The Art of Nursing

May 7, 2024
Guest: Cheri Nichols & Jody Hereford

Nursing is a combination of art as well of science. Guests Cheri Nichols, BSN, RN, FPCNA, and Jody Hereford, MS, BSN, RN, NBC-HWC, discuss the importance of recognizing the artfulness in what we do each day, and how it improves our outlook, our practice, and our effectiveness with patients.

Episode Resources

Welcome to Heart to Heart Nurses, brought to you by the Preventive Cardiovascular Nurses Association. PCNA's mission is to promote nurses as leaders in cardiovascular disease prevention and management.  

Geralyn Warfield (host): I would like to welcome our audience today where we have two exceptional professionals at the table. I'm going to go ahead and let them introduce themselves to you.  
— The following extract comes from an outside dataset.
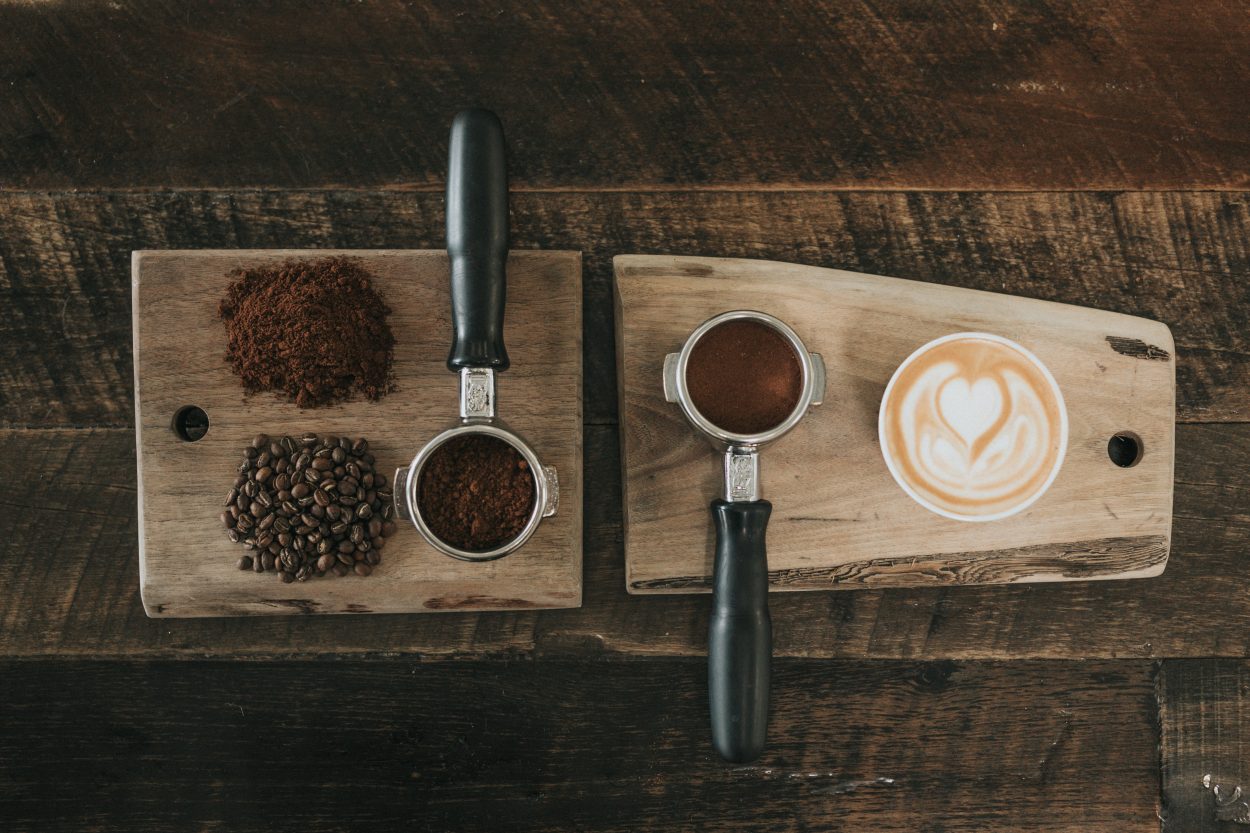 two wooden tray filled with roasted coffee beans, ground of coffee, cup of latte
Cheri Nichols (guest): Alright. So, I'm Cheri Nichols. I live in Colorado and my career was based in the community. I was a health counselor, a screener, a supervisor of other nurses, and that was an extremely rewarding career that I had for about 20 years. 

And prior to that, I was on the psych unit in the hospital, taking care of adults that were in crisis. So, those are my two aspects of my background. And I'm thrilled to be here to talk about the art of nursing.  

Geralyn Warfield (host): Excellent. Jody, how about you? [00:01:00]  

Jody Hereford (guest): Hi, I’m Jody Hereford. And like Cheri, background in, clearly, nursing—that’s why we're here at PCNA. And I also have my Master's in Exercise Physiology. And I found my passion really in health coaching and motivational interviewing where we really have the opportunity to have artful conversations with our people who are looking at better health.  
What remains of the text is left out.